**Exercise directions**
First find the line with "Property photo of", then reproduce it and all following lines of the data to the end, exactly and with no pictures, adding nothing.

**Exercise material**
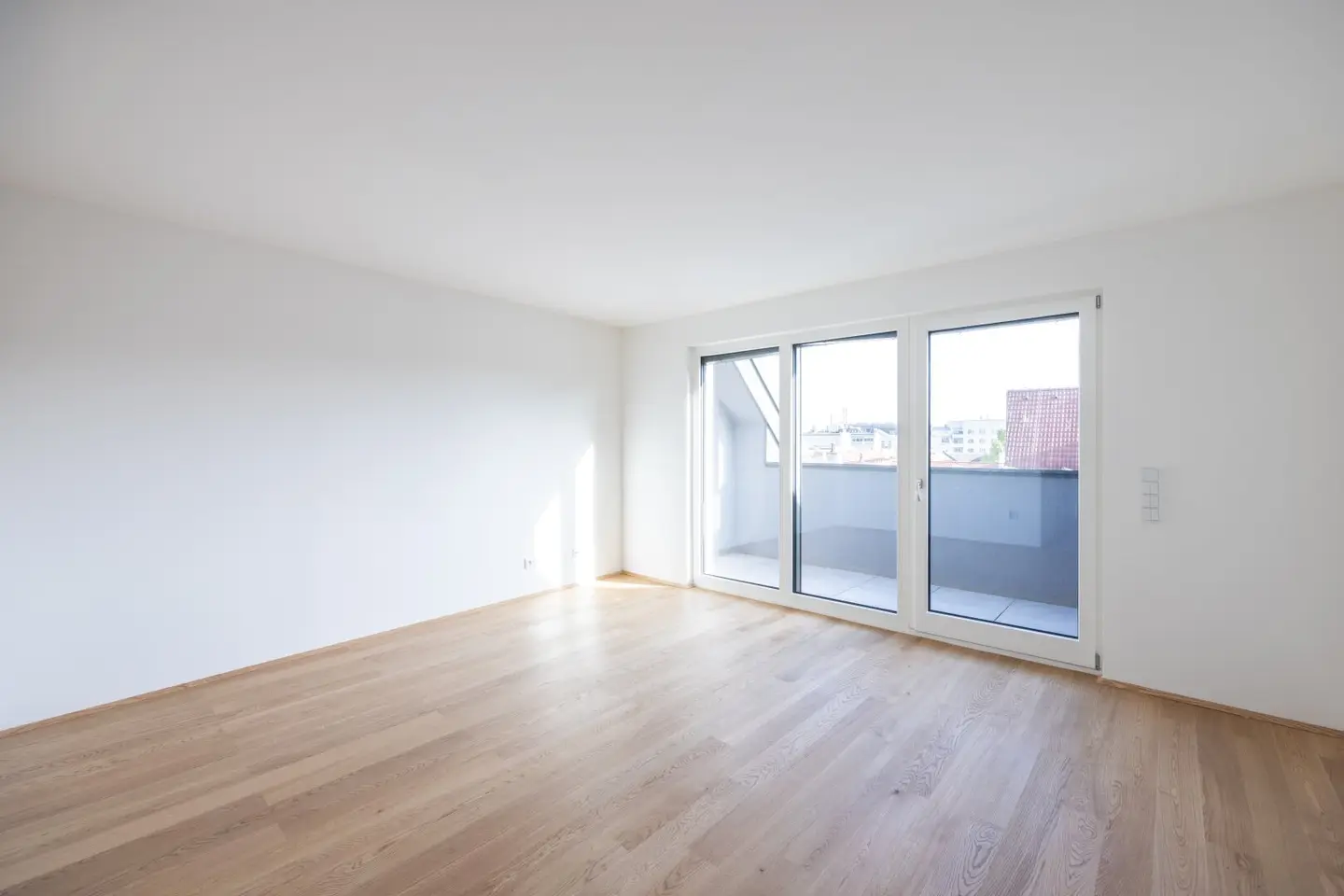 FAMILIENFREUNDLICHE DG-MAISONETTE + 2 TERRASSEN NAHE STADTPARK/ROCHUSMARKT (U4,U3)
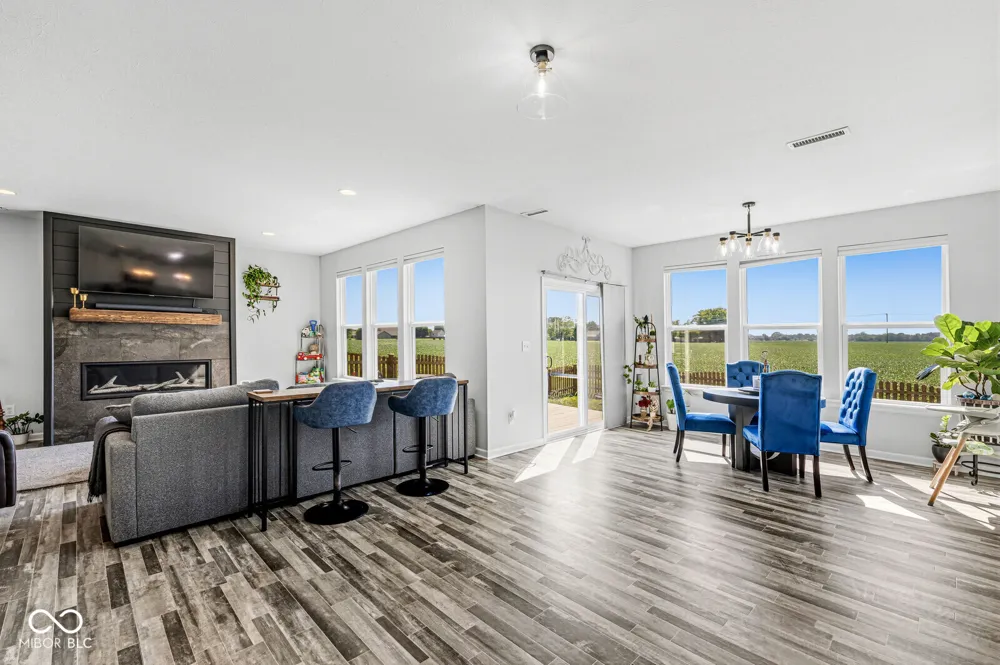2814 Larkspur Drive Lebanon, IN 46052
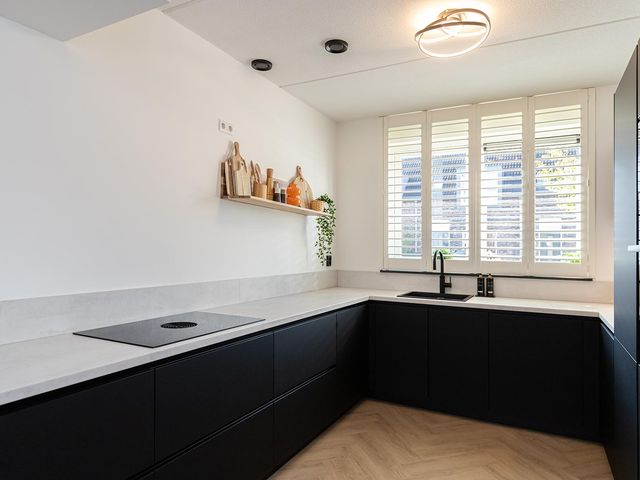 Puccinistraat 6, Sliedrecht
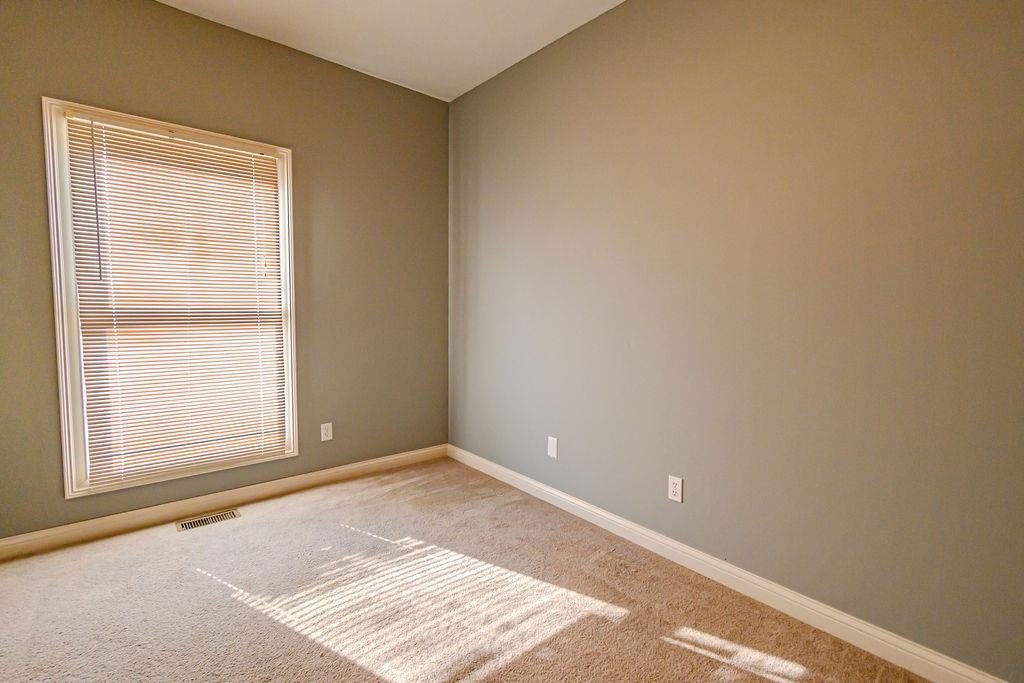 4005 Pine Lake Ct., Owensboro, Kentucky 42303, 3 Bedrooms Bedrooms, ,2 BathroomsBathrooms,Single Family Residence,For Sale,Pine Lake Ct.,93737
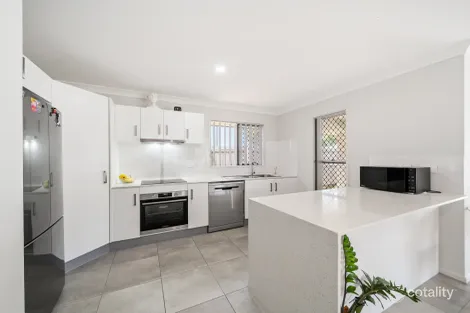 Property photo of 1/12 Centaur Street Redcliffe QLD 4020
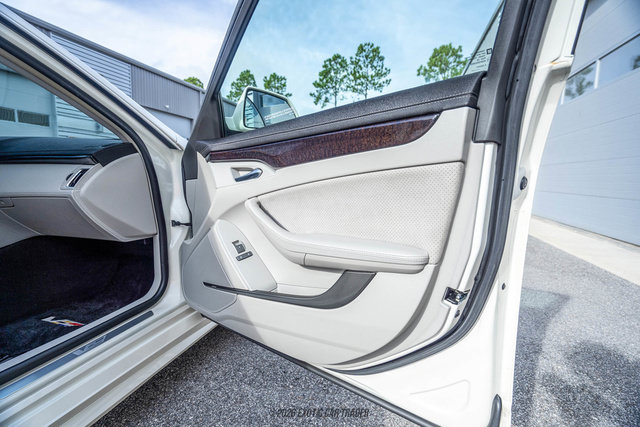 Used 2011 Cadillac CTS V RWD image 39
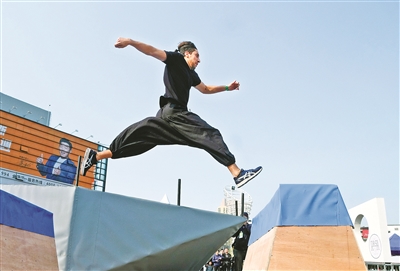 極限運動比賽，巷弄深處的競技與挑戰(zhàn)小店探秘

**Answer section**
 Property photo of 1/12 Centaur Street Redcliffe QLD 4020
 Used 2011 Cadillac CTS V RWD image 39
 極限運動比賽，巷弄深處的競技與挑戰(zhàn)小店探秘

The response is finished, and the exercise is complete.